The indictment states that till June 30, 2020, PK Haldar became the owner of immovable property worth Tk 391.65 crore. At the same time the value of movable assets was over Tk In all, in 10 years, he came to possess Tk 433 crore plus change, as far as the ACC have been able to make out. Of this, at least Tk 425 crore is now alleged to have been illegally amassed.
According to the chargesheet, PK Haldar deposited cash in his own name as well as in the names of 13 associates, and bought land, houses and cars. There are two flats in his name in Dhanmondi of the capital. There are 22 anonymous cars in his name. He has bought 4,164 decimals of land in his own name at a cost of Tk 228 crore. Most of the land was bought in Narayanganj, Narsingdi and Dhaka.
According to the chargesheet, PK Haldar's mother Lilabati Haldar was a primary school teacher. As of May 2021, Lilabati's bank account had witnessed transactions amounting to Tk 131.38 crore. Besides, some 563 decimals of land was bought in Narayanganj, as well as some flats, in the name of Avantika Baral with a market value of around Tk 24 crore. His bank account had been emptied of nearly Tk 14 crore in withdrawals.

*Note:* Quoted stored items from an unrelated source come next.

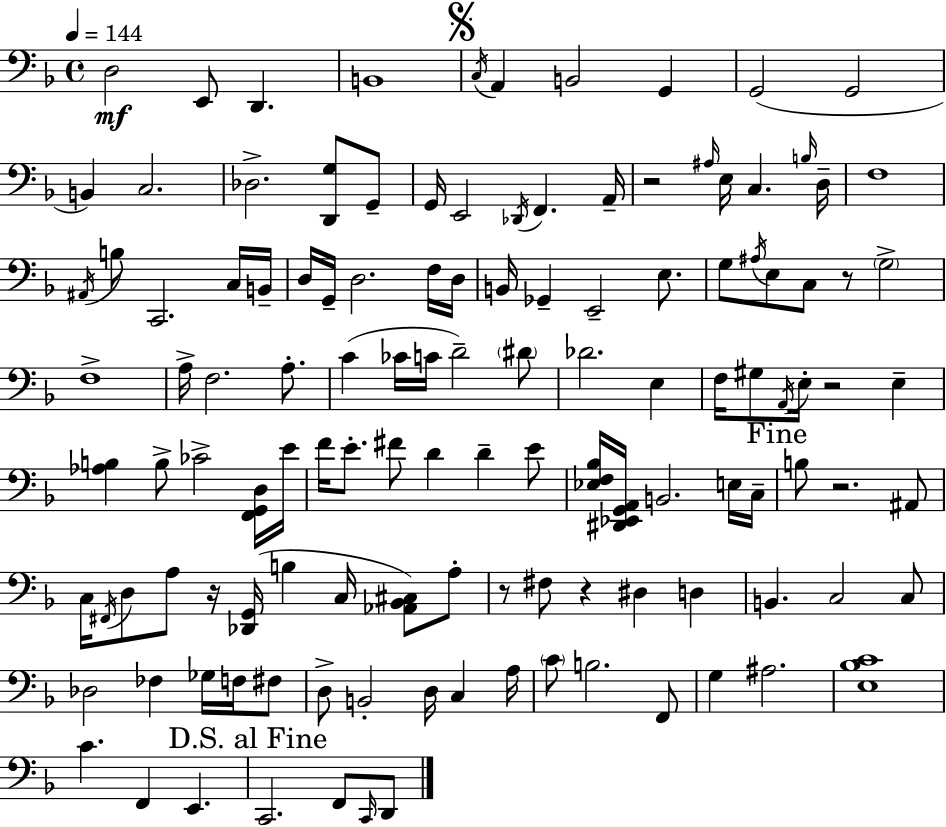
{
  \clef bass
  \time 4/4
  \defaultTimeSignature
  \key d \minor
  \tempo 4 = 144
  \repeat volta 2 { d2\mf e,8 d,4. | b,1 | \mark \markup { \musicglyph "scripts.segno" } \acciaccatura { c16 } a,4 b,2 g,4 | g,2( g,2 | \break b,4) c2. | des2.-> <d, g>8 g,8-- | g,16 e,2 \acciaccatura { des,16 } f,4. | a,16-- r2 \grace { ais16 } e16 c4. | \break \grace { b16 } d16-- f1 | \acciaccatura { ais,16 } b8 c,2. | c16 b,16-- d16 g,16-- d2. | f16 d16 b,16 ges,4-- e,2-- | \break e8. g8 \acciaccatura { ais16 } e8 c8 r8 \parenthesize g2-> | f1-> | a16-> f2. | a8.-. c'4( ces'16 c'16 d'2--) | \break \parenthesize dis'8 des'2. | e4 f16 gis8 \acciaccatura { a,16 } e16-. r2 | e4-- <aes b>4 b8-> ces'2-> | <f, g, d>16 e'16 f'16 e'8.-. fis'8 d'4 | \break d'4-- e'8 <ees f bes>16 <dis, ees, g, a,>16 b,2. | e16 c16-- \mark "Fine" b8 r2. | ais,8 c16 \acciaccatura { fis,16 } d8 a8 r16 <des, g,>16( b4 | c16 <aes, bes, cis>8) a8-. r8 fis8 r4 | \break dis4 d4 b,4. c2 | c8 des2 | fes4 ges16 f16 fis8 d8-> b,2-. | d16 c4 a16 \parenthesize c'8 b2. | \break f,8 g4 ais2. | <e bes c'>1 | c'4. f,4 | e,4. \mark "D.S. al Fine" c,2. | \break f,8 \grace { c,16 } d,8 } \bar "|."
}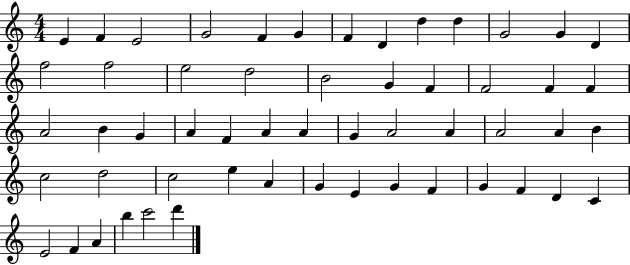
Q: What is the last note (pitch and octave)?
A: D6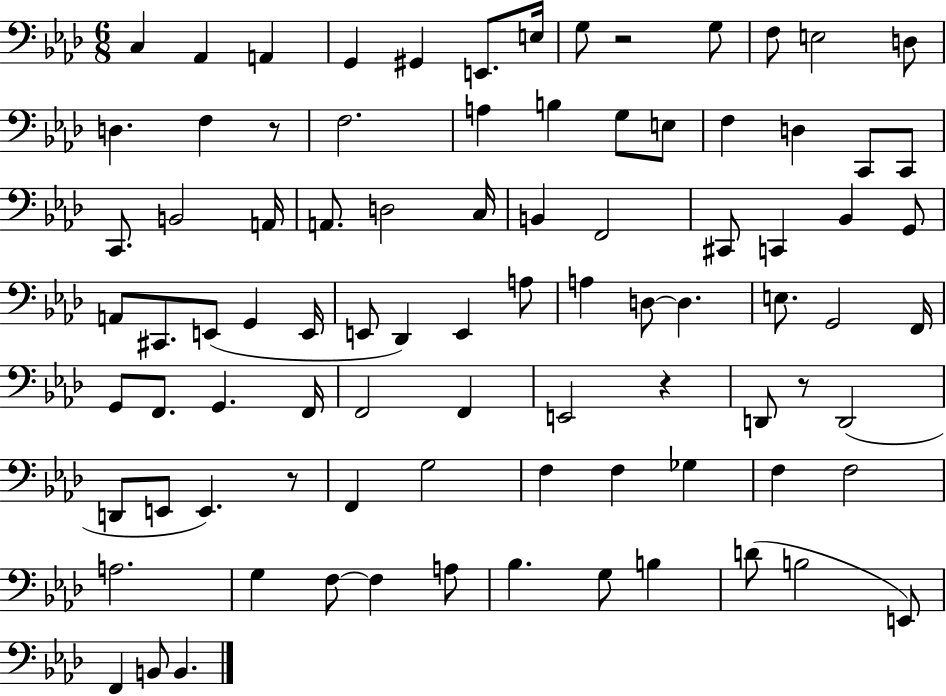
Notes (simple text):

C3/q Ab2/q A2/q G2/q G#2/q E2/e. E3/s G3/e R/h G3/e F3/e E3/h D3/e D3/q. F3/q R/e F3/h. A3/q B3/q G3/e E3/e F3/q D3/q C2/e C2/e C2/e. B2/h A2/s A2/e. D3/h C3/s B2/q F2/h C#2/e C2/q Bb2/q G2/e A2/e C#2/e. E2/e G2/q E2/s E2/e Db2/q E2/q A3/e A3/q D3/e D3/q. E3/e. G2/h F2/s G2/e F2/e. G2/q. F2/s F2/h F2/q E2/h R/q D2/e R/e D2/h D2/e E2/e E2/q. R/e F2/q G3/h F3/q F3/q Gb3/q F3/q F3/h A3/h. G3/q F3/e F3/q A3/e Bb3/q. G3/e B3/q D4/e B3/h E2/e F2/q B2/e B2/q.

It was further said that Haldar's cousin Shankha Bepari had transactions worth over Tk 66 crore in his bank account. In the name of another cousin, Amitabh Adhikari, 222 decimals of land had been bought in different parts of the country including Manikganj, while the bank account in his name had witnessed transactions totalling close to Tk 60 crore.
Handover may take time: Doraiswamy
Speaking to the media after a meeting Tuesday afternoon (May 17) with Foreign Secretary Masud Bin Momen, Indian High Commissioner Vikram Doraiswami hinted that it may take time to hand over PK Haldar to Bangladesh, in iew of the legal procedures that have to be followed.
Doraiswamy and Bin Momen discussed preparations for the foreign minister-level Joint Consultative Commission (JCC) meeting between Bangladesh and India that will be held on May 30 in New Delhi.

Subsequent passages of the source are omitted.